Soma Basu meets Kunal Basu, the man who gave Aparna Sen the story for her film The Japanese Wife

Kunal Basu, author of three acclaimed novels ~ The Opium Clerk (2001), The Miniaturist (2003), and Racists (2006) ~ and a collection of short stories, The Japanese Wife (2008), would any day be caught sitting idle imagining than found rummaging through social theories, anthropology, area studies and even memoirs.
His graduation in Mechanical Engineering from Jadavpur University was followed by an MS at the Florida Institute of Engineering and PhD at the University of Florida.

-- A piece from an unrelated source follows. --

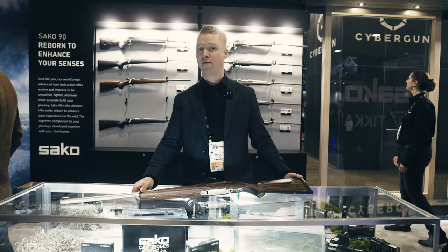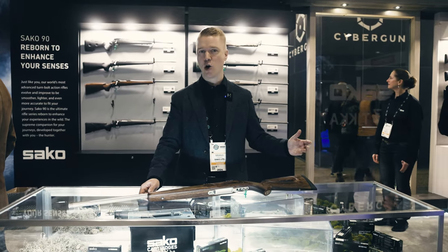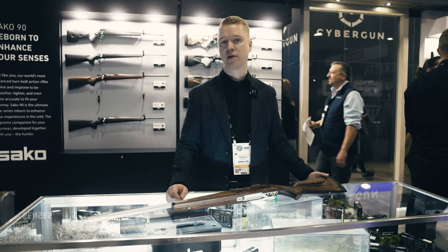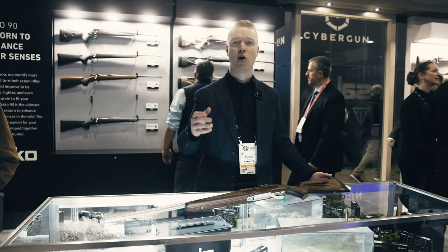Welcome to SHOT Show 2024 at the Sako booth. Everybody knows that our rifles are extremely accurate, but why they are accurate really depends on how we create them.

He worked for an advertising agency, been a freelance journalist, dabbled in filmmaking, and taught at the Jadavpur University for a brief period. He was a professor at McGill University, Montreal, Canada. After a brief stint at IIM, Kolkata, he has been teaching at Oxford University’s Saïd Business School. Kunal has strictly stayed away from writing about the Indian diaspora and has wielded the pen, paintbrush and red book with equal fervour.
Son of Chabi Basu, who wrote fiction and had penned Banglar Nari Aandolan, an account in Bengali of women’s movement in colonial India, and Sunil Kumar Basu, a publisher and one of the early members of the Communist Part of India, has politics, theatre and ink in his blood. The Emergency in 1975 saw Kunal joining active politics which led to a period of underground activism. Born in his father’s library of their North Kolkata house when his mother was hurrying to finish a manuscript for her publisher, it was perhaps preordained that Kunal would live a life off the beaten track.
Here are the results of a rapid-fire game that I had with the author.

The Japanese Wife… which one do you like more, the book or the movie?
Both.

Left alone on a boat in the Sunderbans you would be caught doing…
Imagining and writing.

Paintbrush or pen?
Pen for now, paintbrush for a longer period.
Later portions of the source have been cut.